The hotel is of circular construction, divided into segments separated by heavy metal security doors. Every bedroom has the same type of door. Our elderly parents couldn't manage them, and excluding the bedrooms, there were 6 such doors between our room and theirs. (We were able to get rooms closer together on request). The building might have had a dual-purpose, as hotel or detention-centre. The grounds are lovely, relaxing for the inmates! Security guards, present on our arrival, looked very beefy but reassuring.
Attractive dining-room, but breakfast bread and coffee not nice. The fresh fruit was better. The silent fitness instructors do a good job at clearing the tables. Hot water reached the parents' room in good quantities, ours only intermittently. Telephones didn't work. Insufficient lifts - there appeared to be only one for the whole building. But even if there had been more, guests would still have had to manoeuvre luggage through those many heavy doors.

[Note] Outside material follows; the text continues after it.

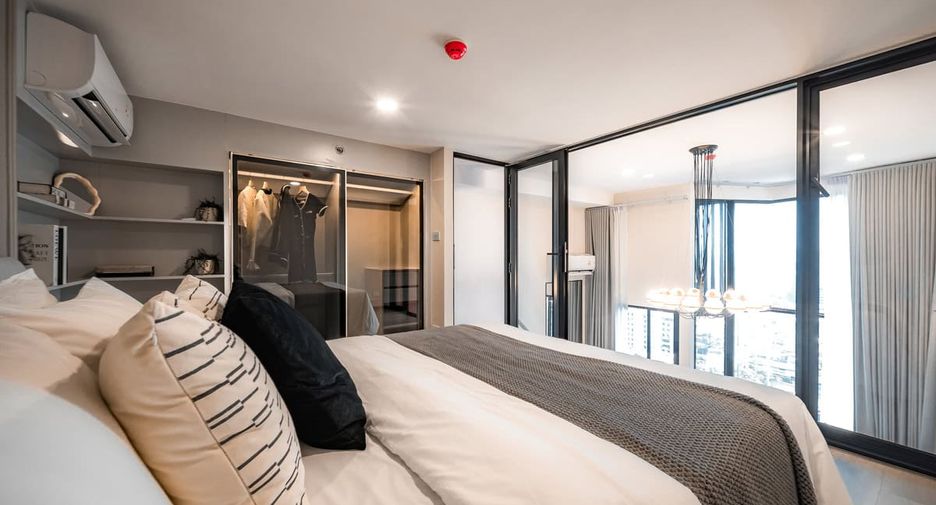 For sale 1 bed condo in Khlong Toei, Bangkok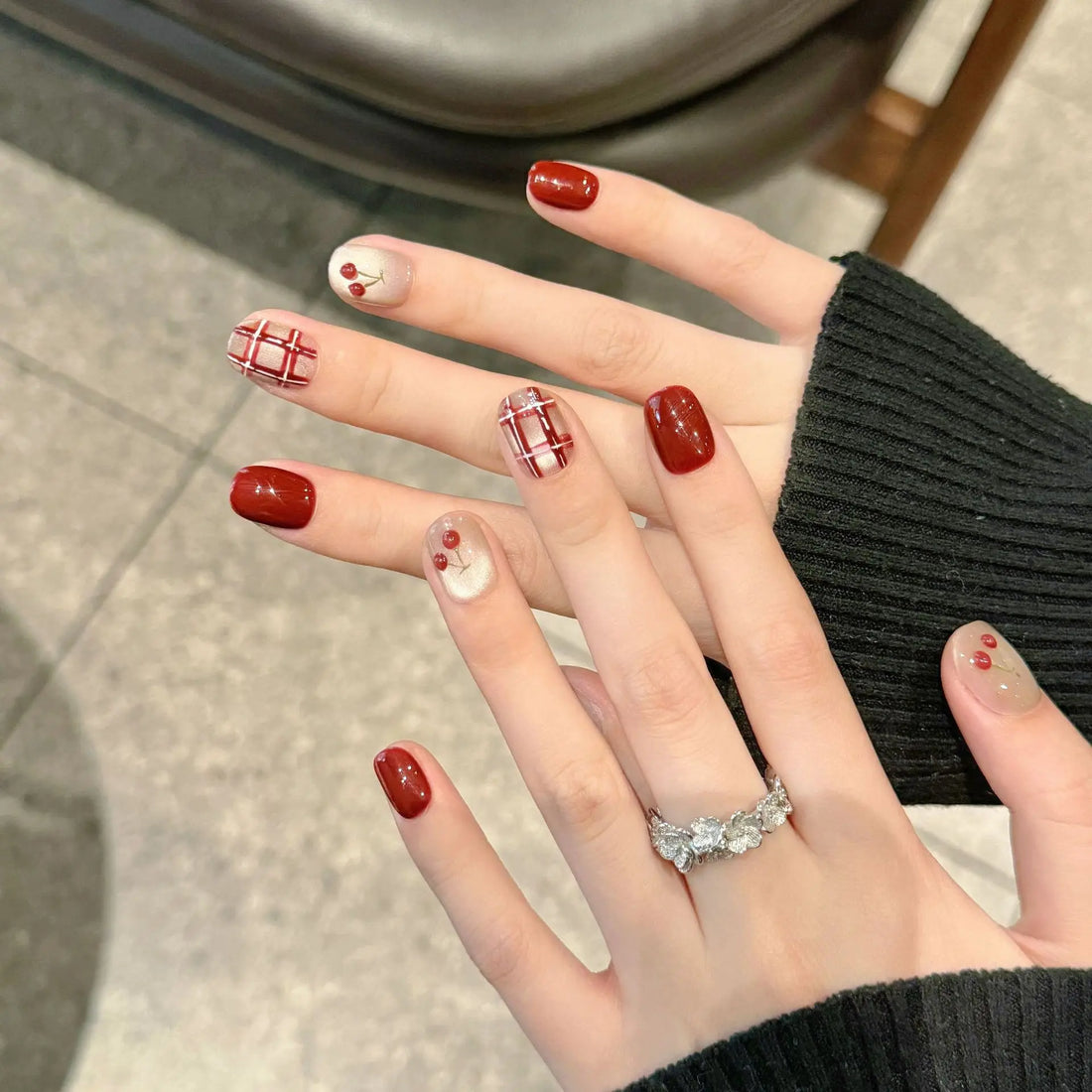 Handmade New Year Press on Nails Cute Red Cherry Short Round/Oval Fake Nails for Women Girl Wearable Glitter Cat Eye False Nails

The hotel is poorly signposted in the town - surrounding roads looked alike. One or two extra signs on the approach to roundabouts would have been helpful. It's as though the small town (Alenya) doesn't want to acknowledge the existence of the hotel/detention-centre on its outskirts.
With hindsight, if we had declined to take meals with our family staying in a nearby rural house, and instead invited them to stay overnight at Las Motas and dine with us on the terrace, we would all have had a super time.